___ EXCERPTED DATA ___

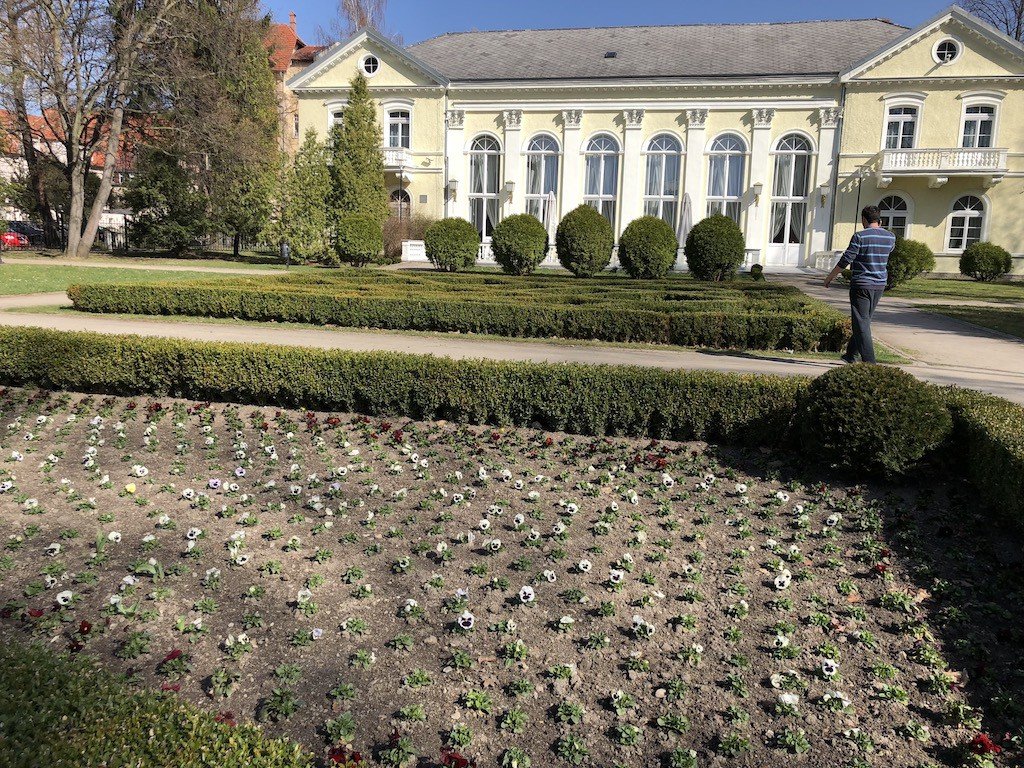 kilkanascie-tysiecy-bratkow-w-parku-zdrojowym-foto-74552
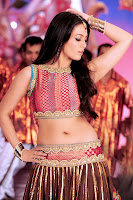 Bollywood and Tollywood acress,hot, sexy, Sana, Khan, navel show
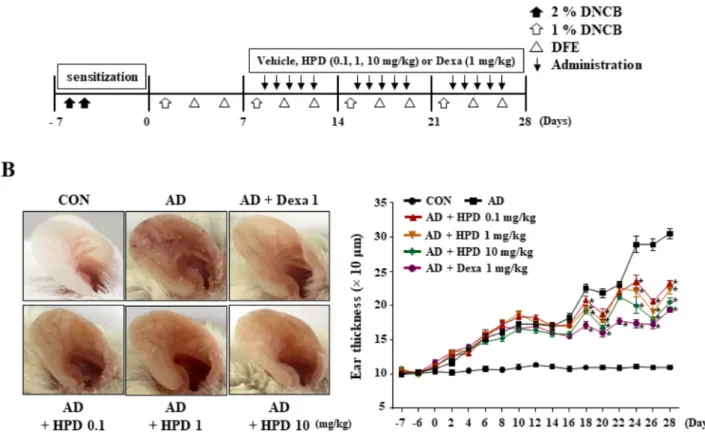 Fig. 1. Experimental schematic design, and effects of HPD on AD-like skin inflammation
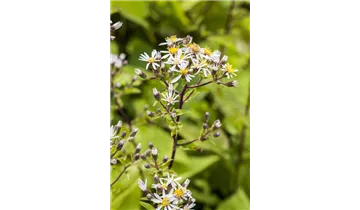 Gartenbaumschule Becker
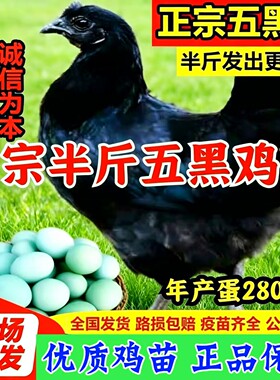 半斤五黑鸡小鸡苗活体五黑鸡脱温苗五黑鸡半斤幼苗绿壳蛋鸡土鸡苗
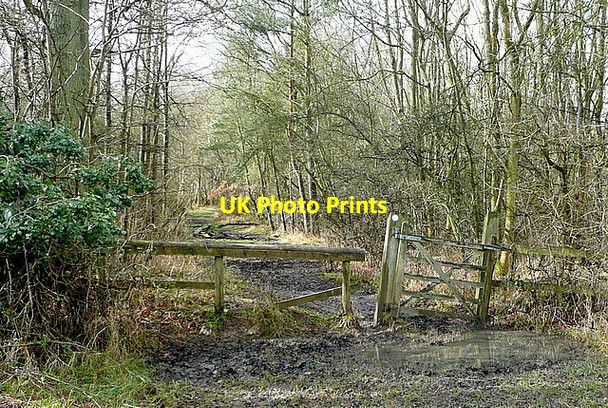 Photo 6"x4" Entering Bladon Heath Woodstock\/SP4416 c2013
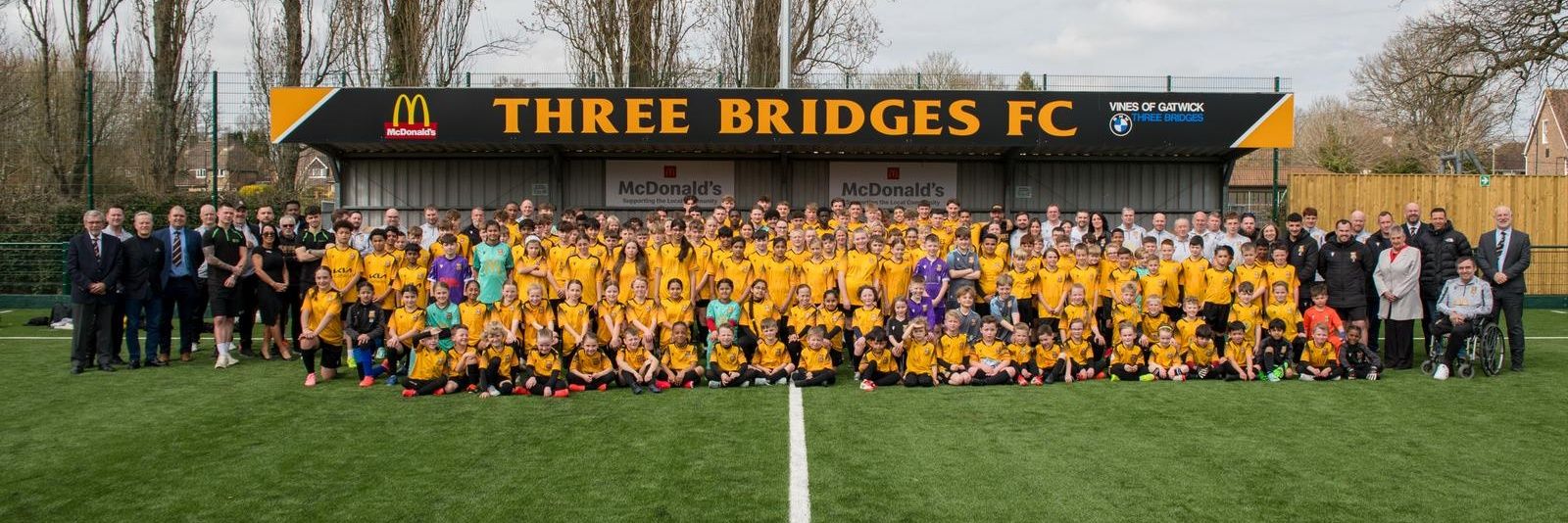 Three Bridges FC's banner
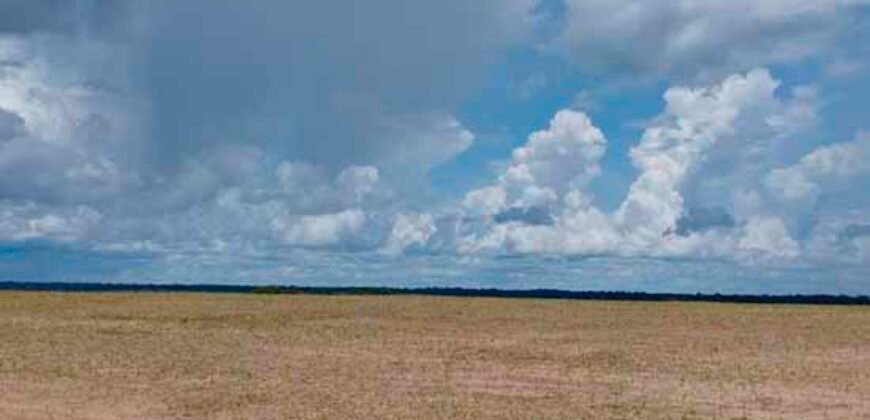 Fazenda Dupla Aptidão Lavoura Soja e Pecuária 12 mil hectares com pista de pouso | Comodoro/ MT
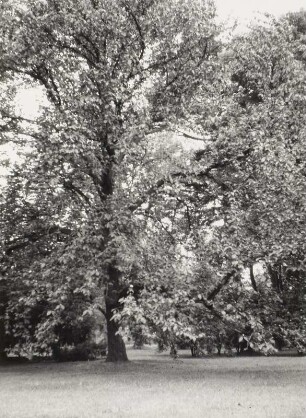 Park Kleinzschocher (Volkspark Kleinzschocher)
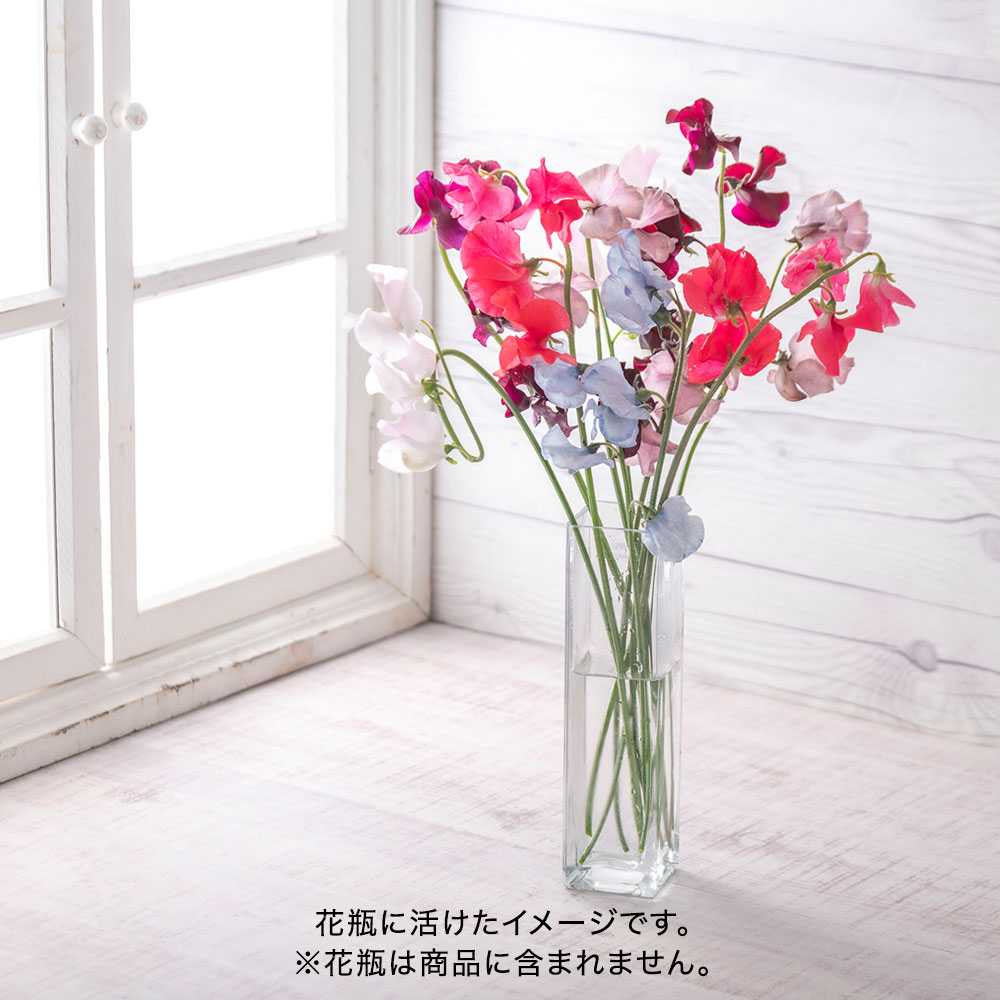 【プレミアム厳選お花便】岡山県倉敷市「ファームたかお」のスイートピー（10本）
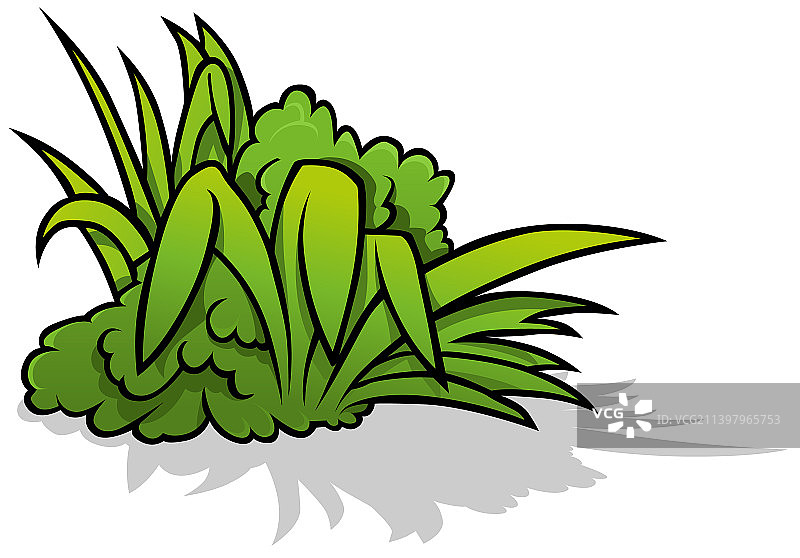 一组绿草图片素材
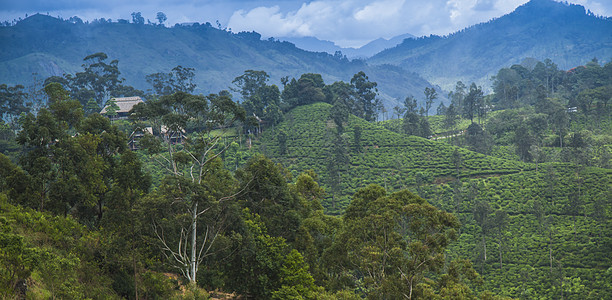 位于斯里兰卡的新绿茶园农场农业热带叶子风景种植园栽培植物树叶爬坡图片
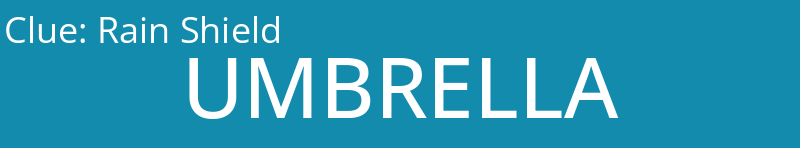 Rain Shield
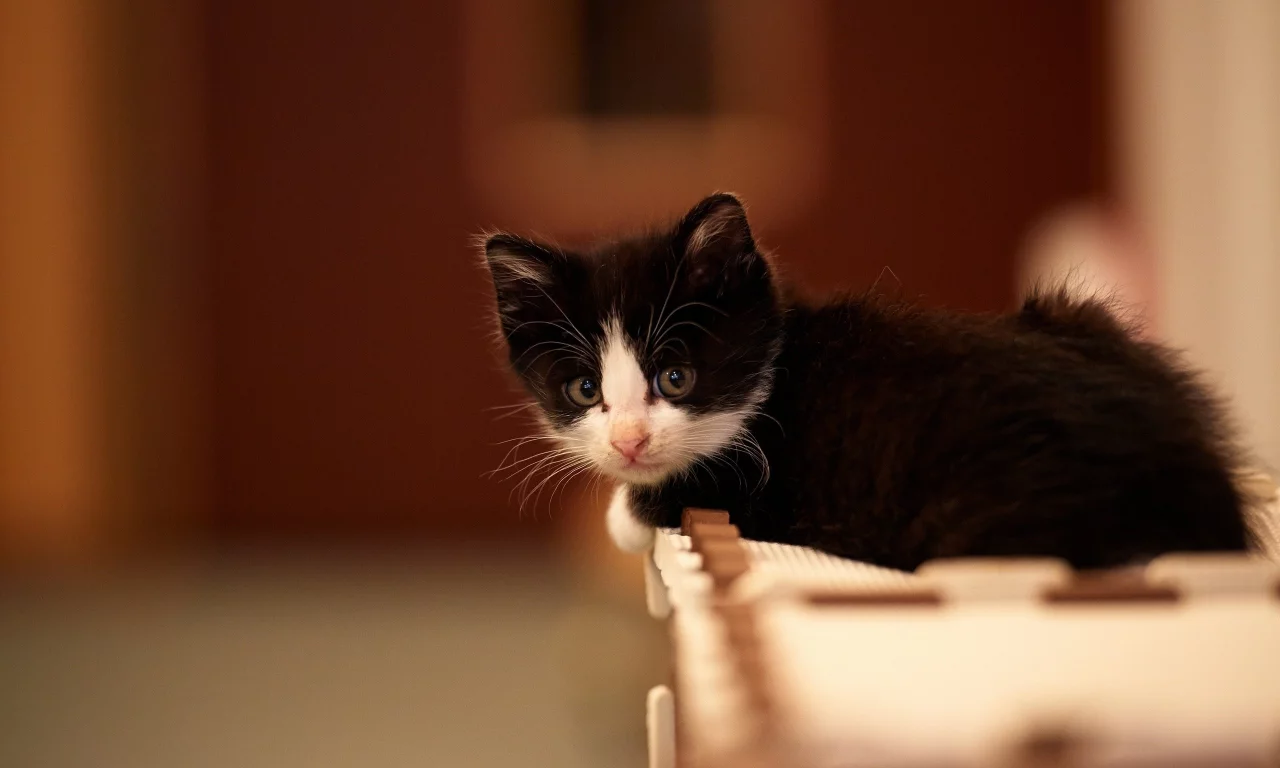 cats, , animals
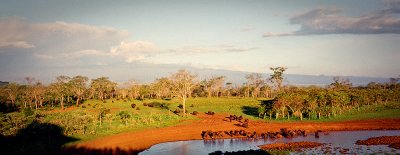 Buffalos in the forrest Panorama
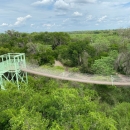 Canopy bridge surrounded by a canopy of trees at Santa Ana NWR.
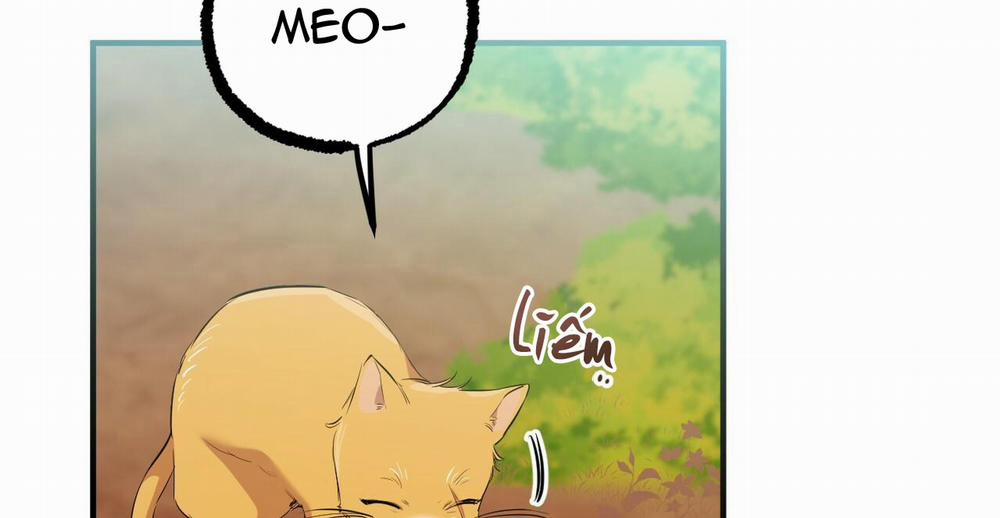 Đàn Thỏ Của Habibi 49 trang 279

___

▶ WHAT THIS TASK INVOLVES
Word for word, give again the lines from the first entry to the line with "Three Bridges FC's banner", inclusive. Exclude the pictures.

▶ RESULT OF THIS TASK
 kilkanascie-tysiecy-bratkow-w-parku-zdrojowym-foto-74552
 Bollywood and Tollywood acress,hot, sexy, Sana, Khan, navel show
 Fig. 1. Experimental schematic design, and effects of HPD on AD-like skin inflammation
 Gartenbaumschule Becker
 半斤五黑鸡小鸡苗活体五黑鸡脱温苗五黑鸡半斤幼苗绿壳蛋鸡土鸡苗
 Photo 6"x4" Entering Bladon Heath Woodstock\/SP4416 c2013
 Three Bridges FC's banner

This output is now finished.